I am constantly being woken up in the middle of the night. My brother's cat, he comes into my room every night between 4-5am to wake me up. He tells me he wants to go outside. (He's an indoor-outdoor cat). Now why he chooses me to wake up, I don't know, the rest of the day he doesn't give me the time of day. If I close the door he claws at it and yowls - if I ignore him he jumps onto the windowsill above my head and falls ONTO my head (he's not the most dexterous) and stands on my dresser and yowls. But if you put him out at the start of the night, he finds his way onto the roof (!!) to MY window and sits outside yowling. You just can't win.

My solution: tell brother to KEEP his cat IN his room all night. Angel won't wake him up (??). Sleeps all night on the pillow beside him. But if the door's open a crack... back up to my room.
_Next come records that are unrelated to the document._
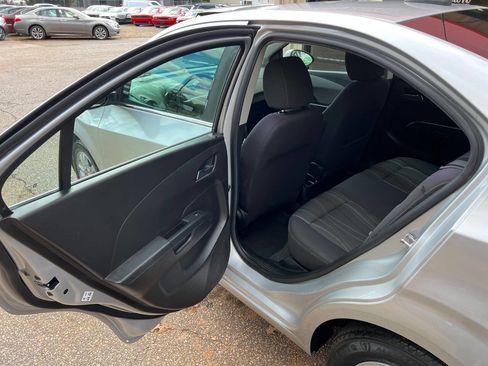 Used 2015 Chevrolet Sonic LT image 13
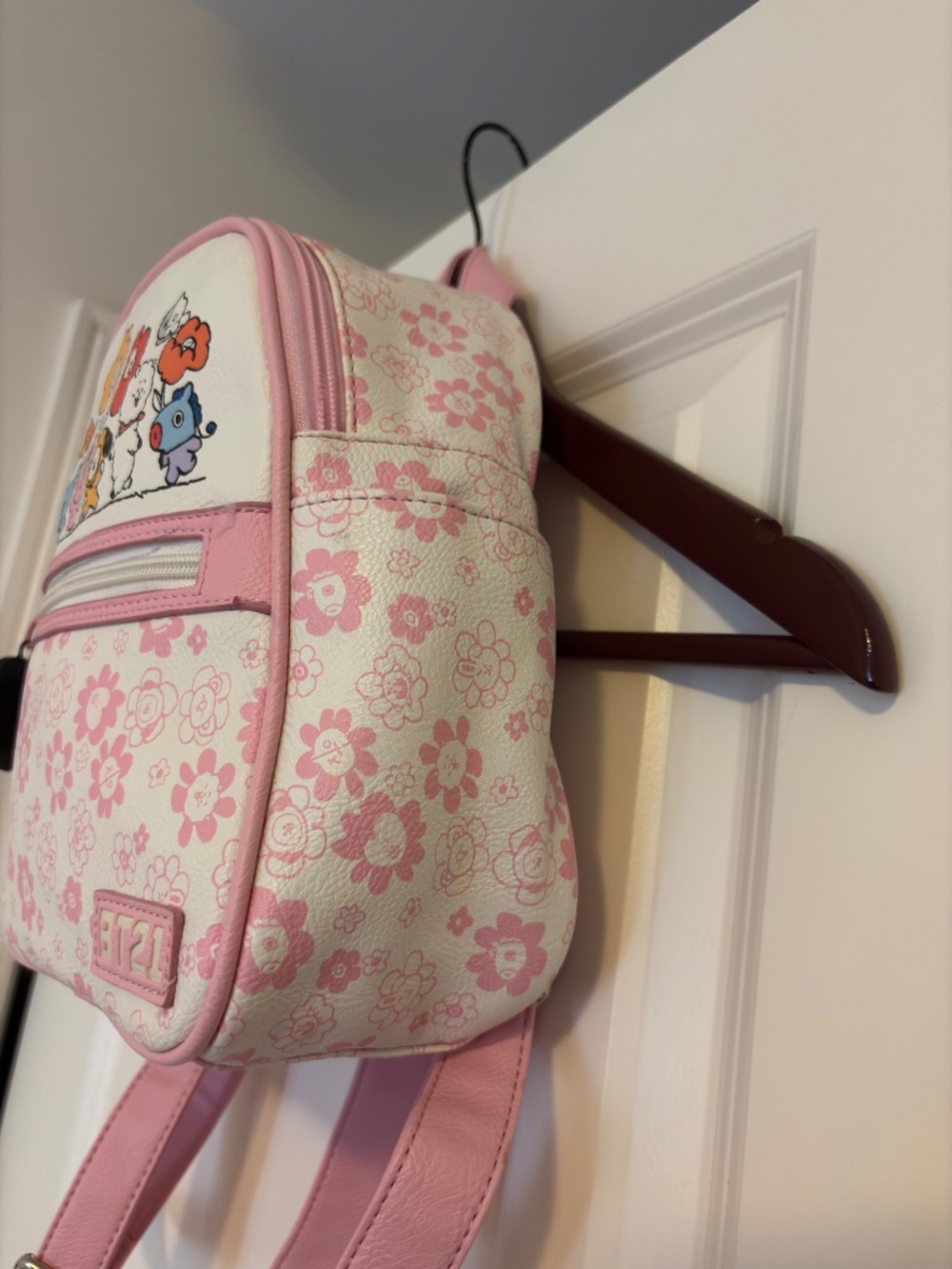 BT21 backpack - Picture 3 of 5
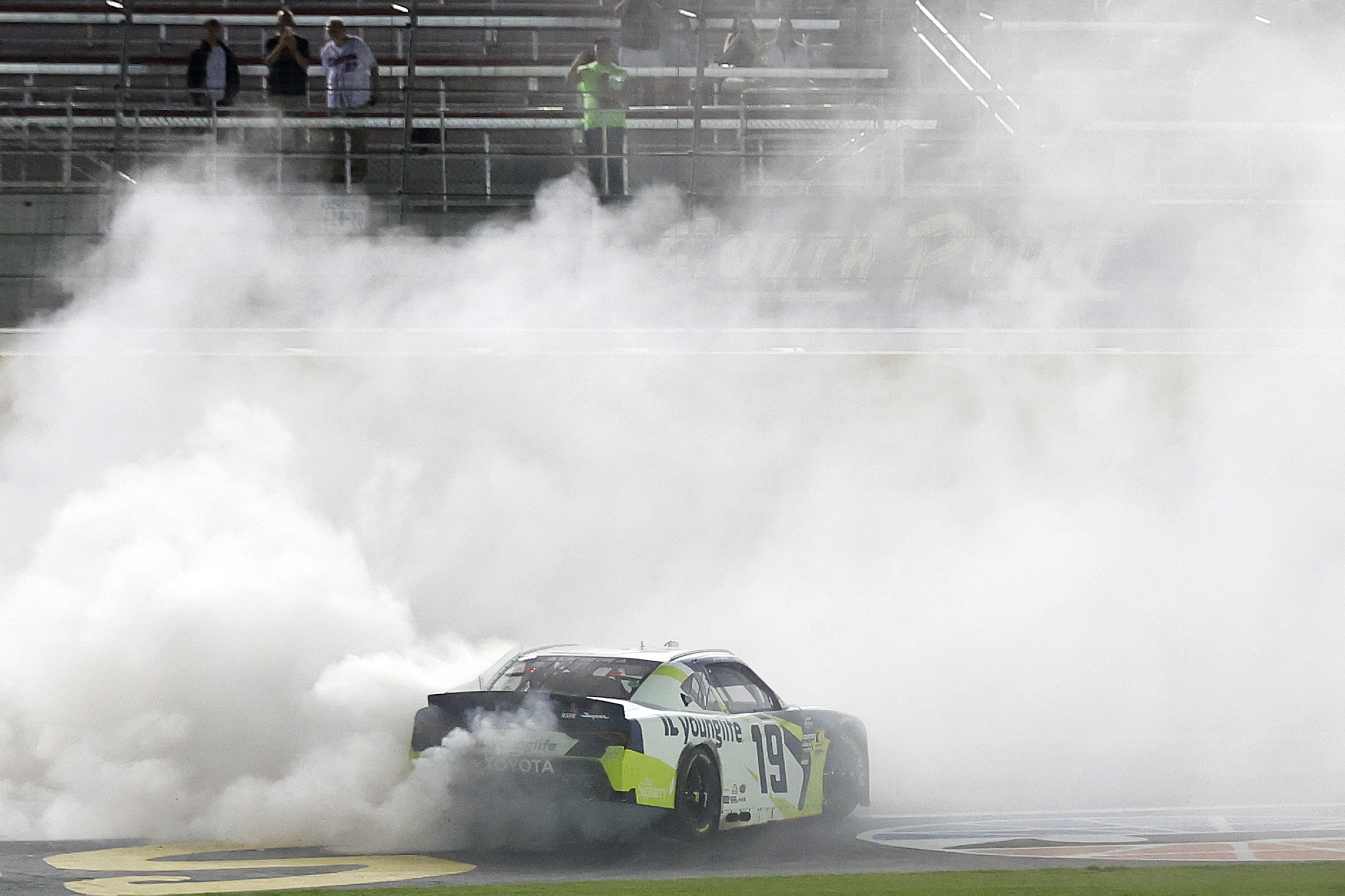 NASCAR's great eight looking to strike it rich in Vegas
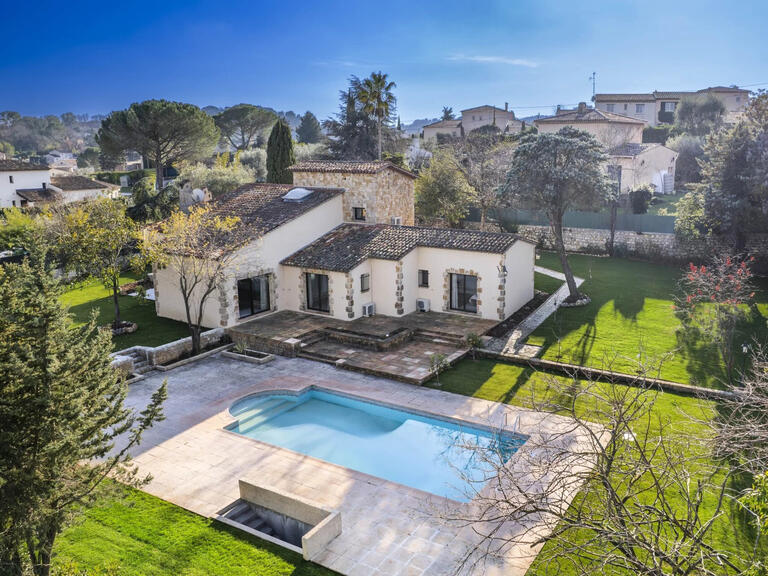 Villa Valbonne - 5 chambres - 165m²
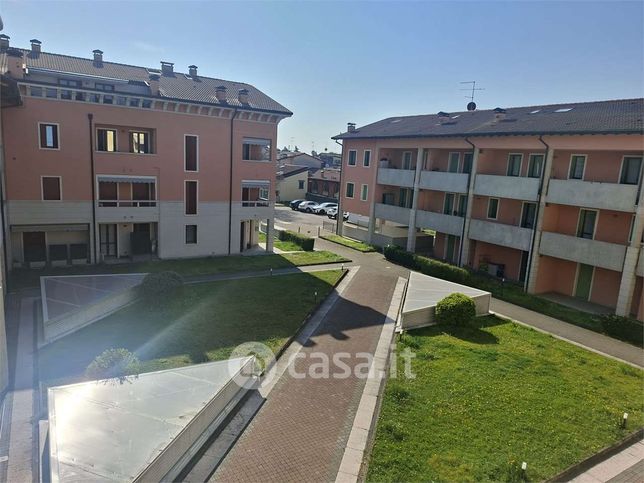 Appartamento in residenziale in Via Tione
I just don't get it.

Good luck. :?


----------



## thewebbmeister (Aug 26, 2004)

I slept at home last night, and had a great nights sleep with no interruptions. Maybe earplugs are the answer.


----------



## 22Raiynee22 (Aug 13, 2004)

*.*

welcome to the wonderful life of the cat lol they can think they own the world :lol: I dont have any advice since you said you were a light sleeper, i'd say just let the kitty have sum of your pillow, maybe he/she just wants to share with you lol


----------



## TAsunder (Apr 6, 2004)

I tried ear plugs but they didn't seem to stop my cat rubbing me with his face from 4am to 6:30am. Not much did... the closest thing is when I come home late, like midnight.


----------



## Gabreilla Moushigo (Jun 14, 2004)

All of my cats have done the same - I am also a light sleeper - so I know your pain. Here is my solution: before I go to sleep - I let him lay down above my head on the pillow - he goes to sleep - I go to sleep - problem solved. If you try to move them everywhere - they get huffy - and they DO knock things off counters and jump all over you and are general hellions. As long as you don't mind a little fuzzy sleeping above your head - you should be fine.


----------



## Loving_My_Cats (May 26, 2004)

thewebbmeister said:


> I slept at home last night, and had a great nights sleep with no interruptions. Maybe earplugs are the answer.


No offence but you seem to have a thing against the cat. I am sure it's been sleeping on the bed as long as it's been there. It's used to it. For a new 'man' to come along, put it off the bed.. i'm sure the cat is getting mad, and maybe why it knocks stuff over. As I already said, as others.. just let it sleep on your pillow. Don't move it, and things should be good!


----------